(PROVIDED MATERIAL Opens)
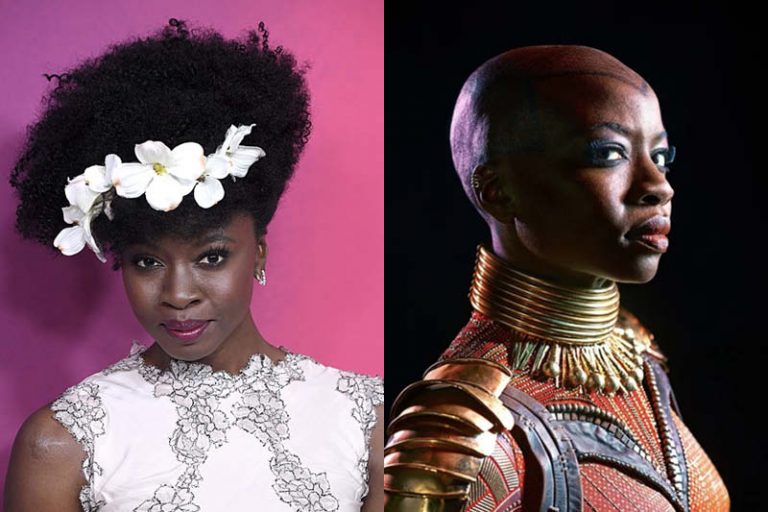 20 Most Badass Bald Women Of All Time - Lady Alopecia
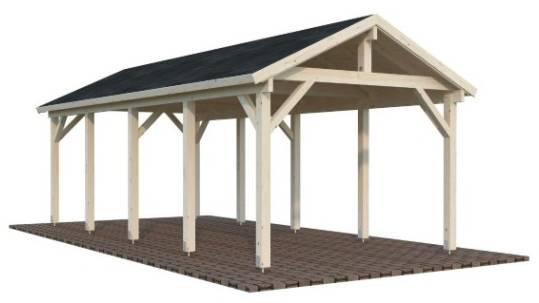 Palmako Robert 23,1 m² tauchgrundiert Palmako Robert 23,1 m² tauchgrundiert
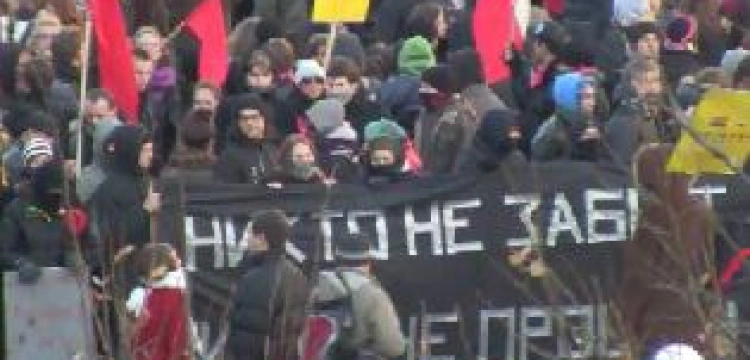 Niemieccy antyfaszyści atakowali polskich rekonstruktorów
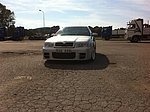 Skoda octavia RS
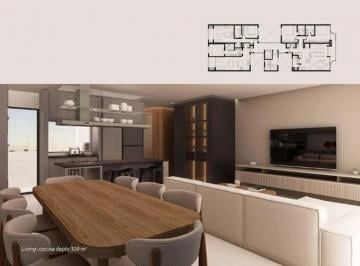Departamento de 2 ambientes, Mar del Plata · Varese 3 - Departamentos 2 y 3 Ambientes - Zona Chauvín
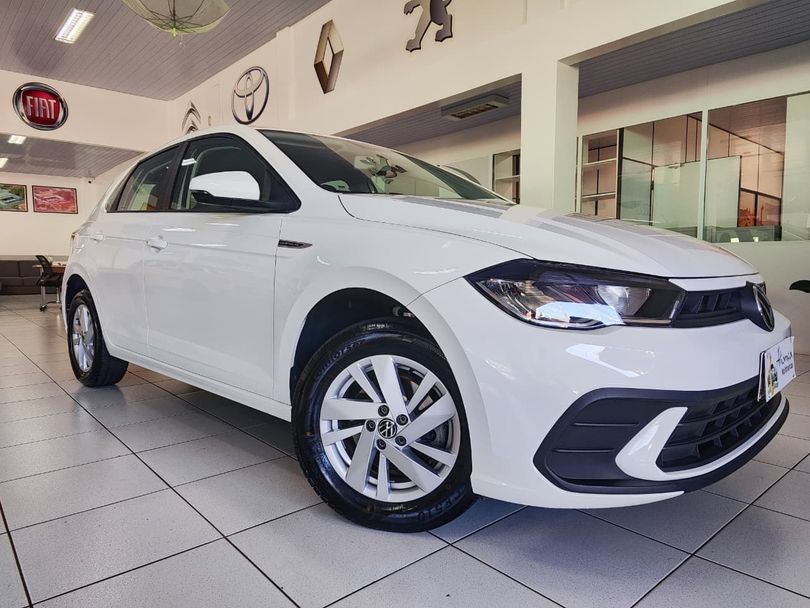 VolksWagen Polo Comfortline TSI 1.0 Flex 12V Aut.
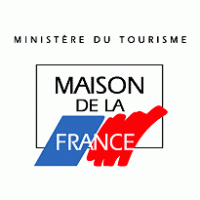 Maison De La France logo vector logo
(PROVIDED MATERIAL Closes)
(PROVIDED MATERIAL Opens)
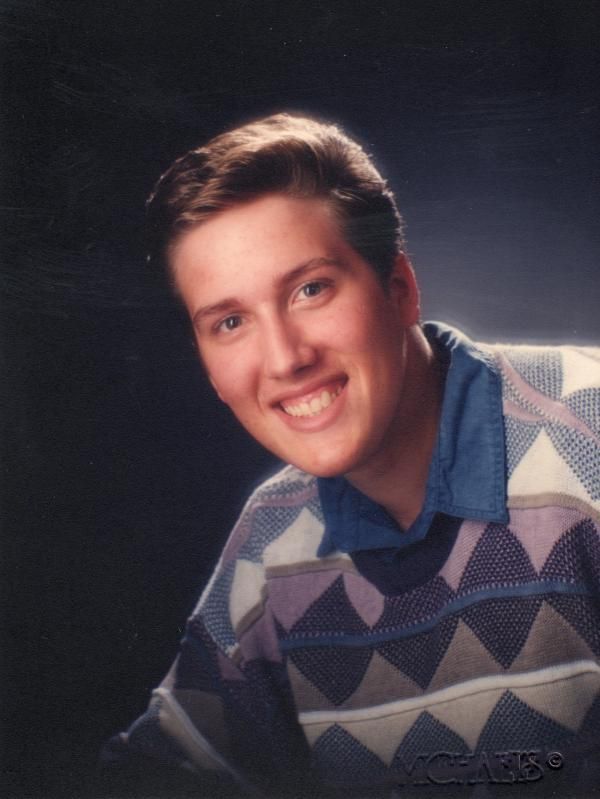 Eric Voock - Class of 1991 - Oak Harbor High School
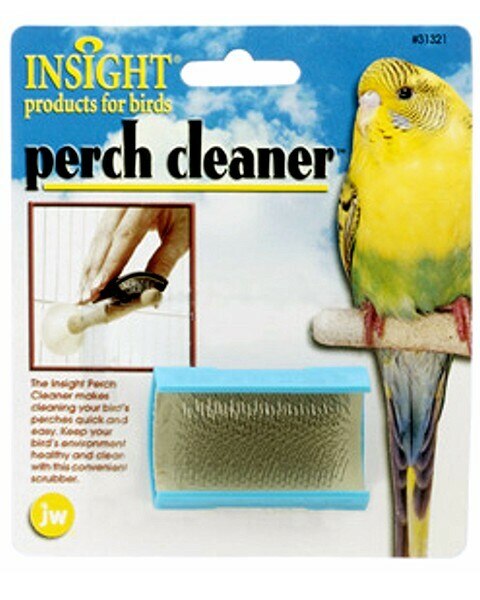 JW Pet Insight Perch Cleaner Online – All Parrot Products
(PROVIDED MATERIAL Closes)
PROBLEM DETAILS:
Reproduce the listing above from the line that holds "20 Most Badass" through the line that holds "Maison De La France logo vector logo", both included, with the pictures left out.

RESULT FOR THIS TASK:
 20 Most Badass Bald Women Of All Time - Lady Alopecia
 Palmako Robert 23,1 m² tauchgrundiert Palmako Robert 23,1 m² tauchgrundiert
 Niemieccy antyfaszyści atakowali polskich rekonstruktorów
 Skoda octavia RS
Departamento de 2 ambientes, Mar del Plata · Varese 3 - Departamentos 2 y 3 Ambientes - Zona Chauvín
 VolksWagen Polo Comfortline TSI 1.0 Flex 12V Aut.
 Maison De La France logo vector logo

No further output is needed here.